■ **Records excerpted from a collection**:

⟨

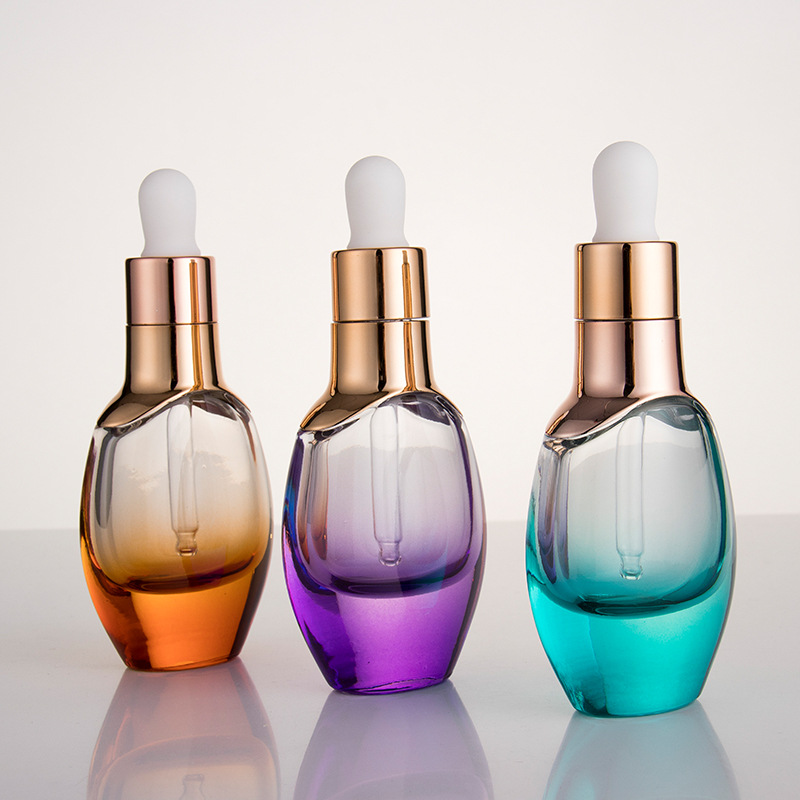 Luxury empty purple orange blue 30ml serum flat bottle with dropper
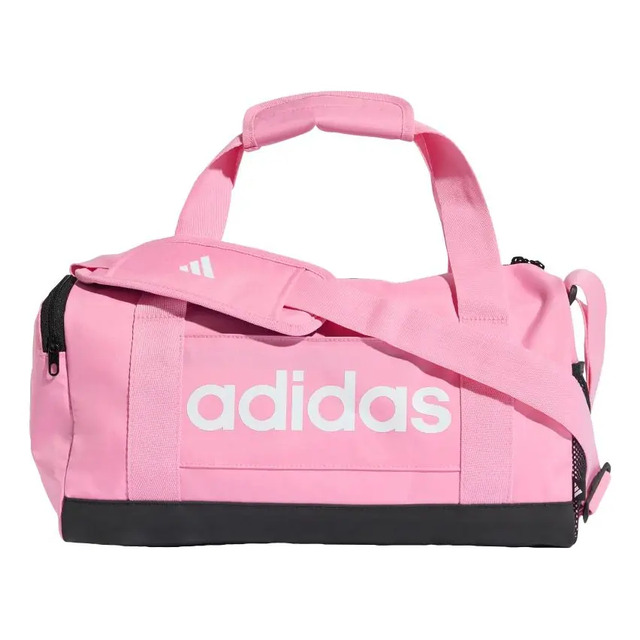 Mala duffel adidas Linear tamanho extra pequeno na cor rosa com logo branco e detalhes em preto na base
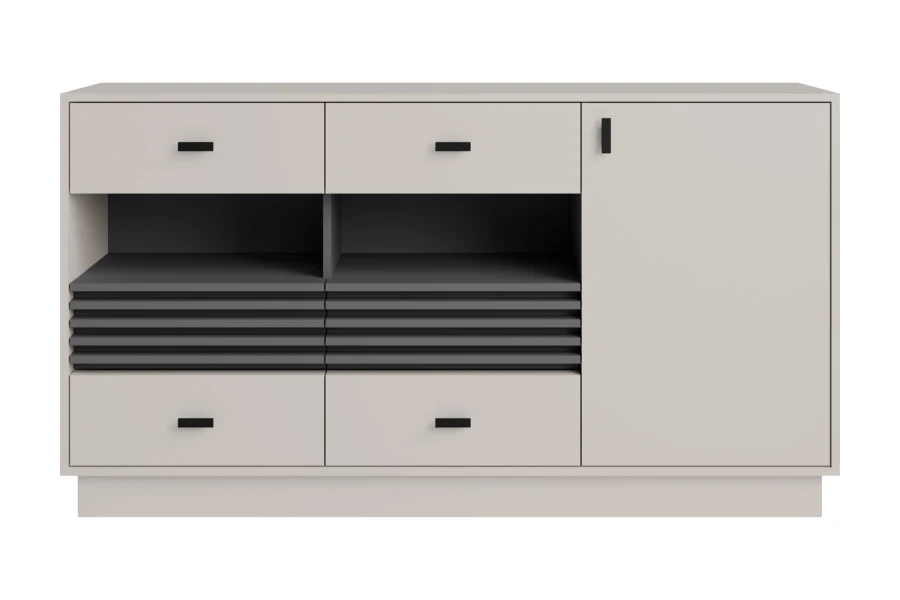 Modern dressoir in beige met lades en grijze designelementen.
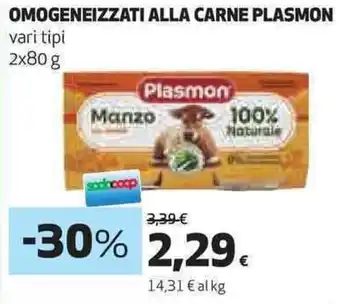 Coop OMOGENEIZZATI ALLA CARNE PLASMON vari tipi 2 x 80 g offerta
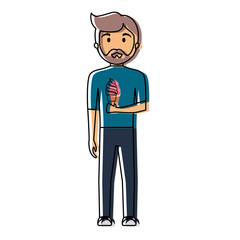 man with ice cream  vector illustration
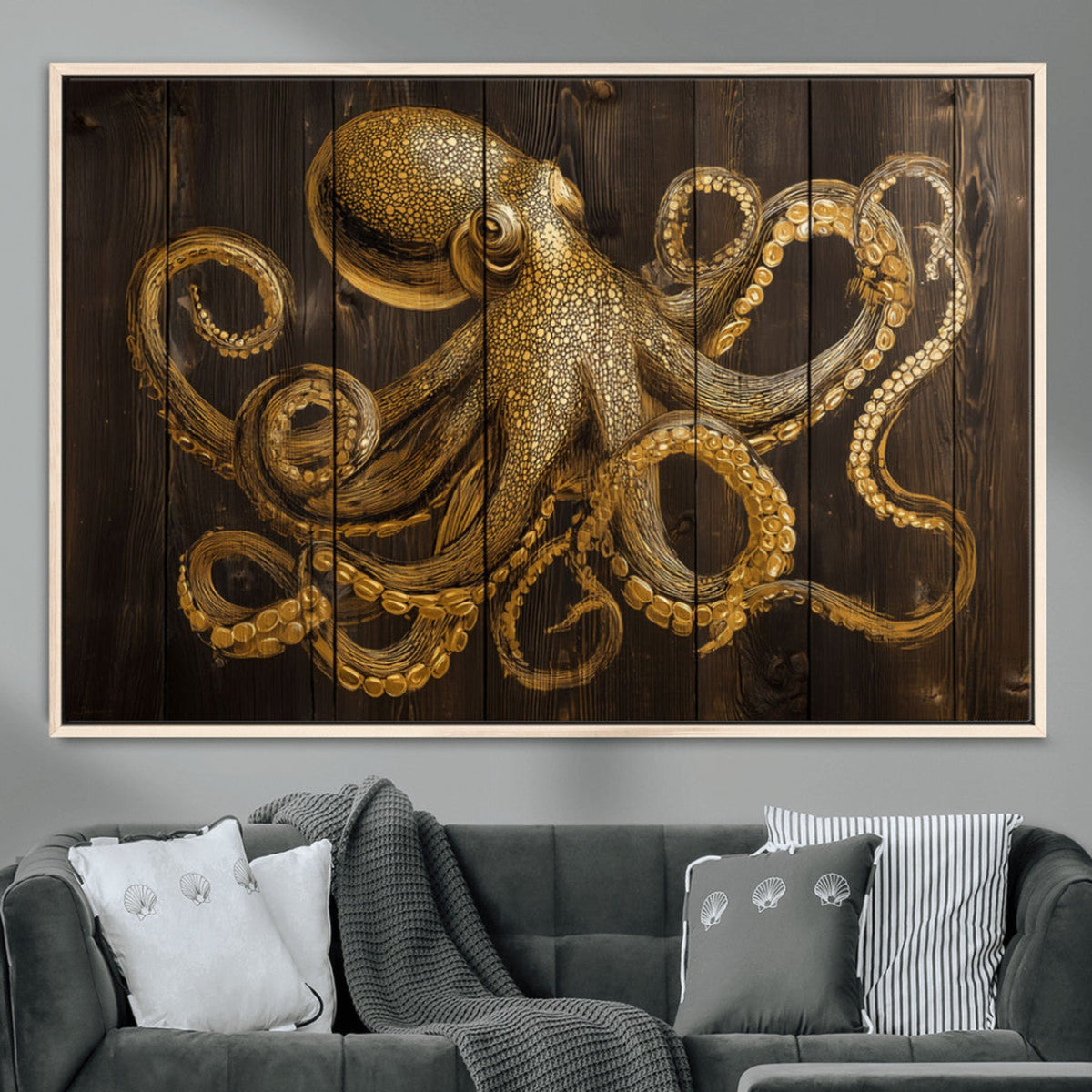 Octopus Wall Art Canvas Print – Wooden Art Sea Creature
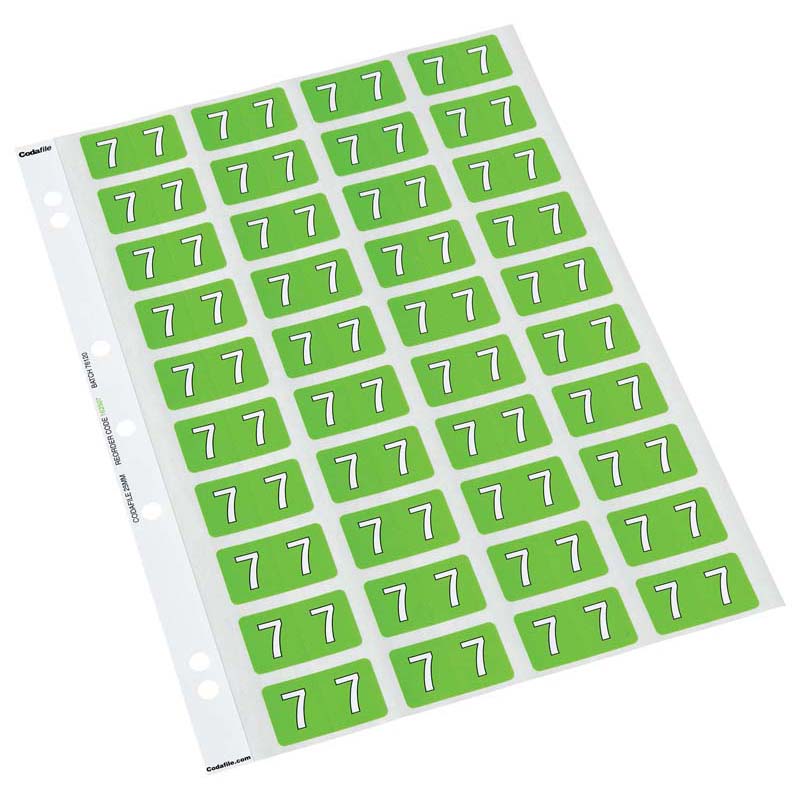 Codafile Label Numeric 7 25mm Pack 5 Sheets - Cafe Supply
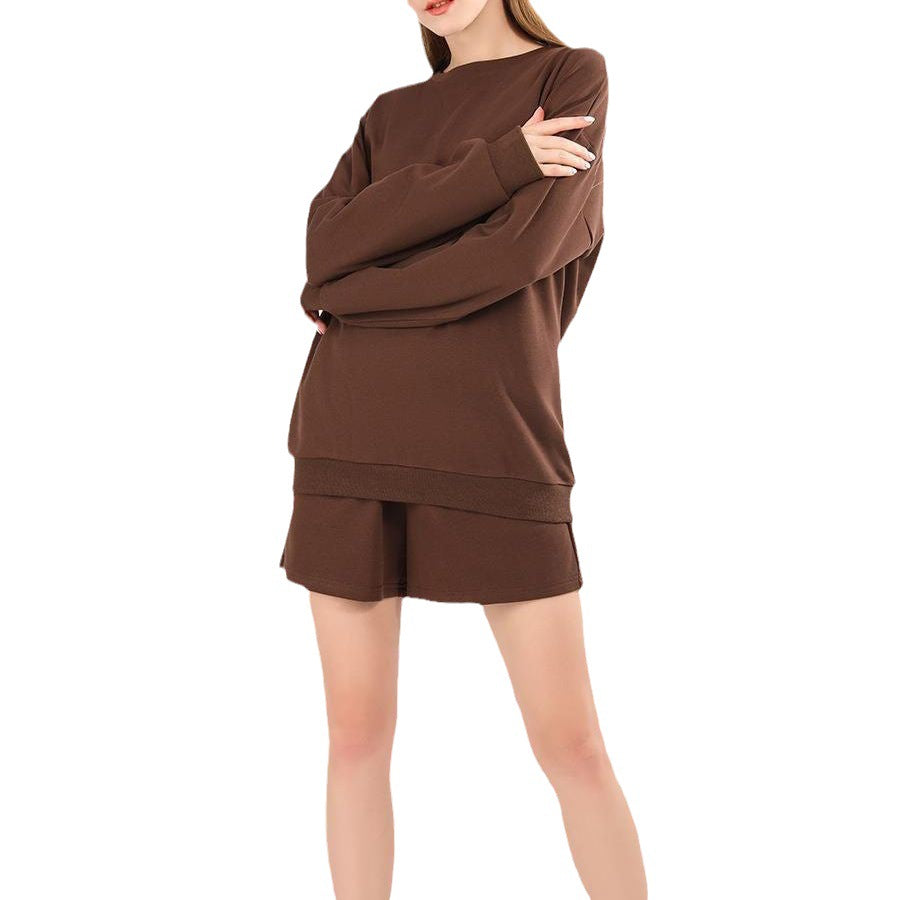 Damen lässiges Sweatshirt und Shorts Set Sovae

⟩

■ **What you should do**:
Quote all the lines above exactly as given. Do not include the pictures.

■ **Reply**:
 Luxury empty purple orange blue 30ml serum flat bottle with dropper
 Mala duffel adidas Linear tamanho extra pequeno na cor rosa com logo branco e detalhes em preto na base
 Modern dressoir in beige met lades en grijze designelementen.
 Coop OMOGENEIZZATI ALLA CARNE PLASMON vari tipi 2 x 80 g offerta
 man with ice cream  vector illustration
 Octopus Wall Art Canvas Print – Wooden Art Sea Creature
 Codafile Label Numeric 7 25mm Pack 5 Sheets - Cafe Supply
 Damen lässiges Sweatshirt und Shorts Set Sovae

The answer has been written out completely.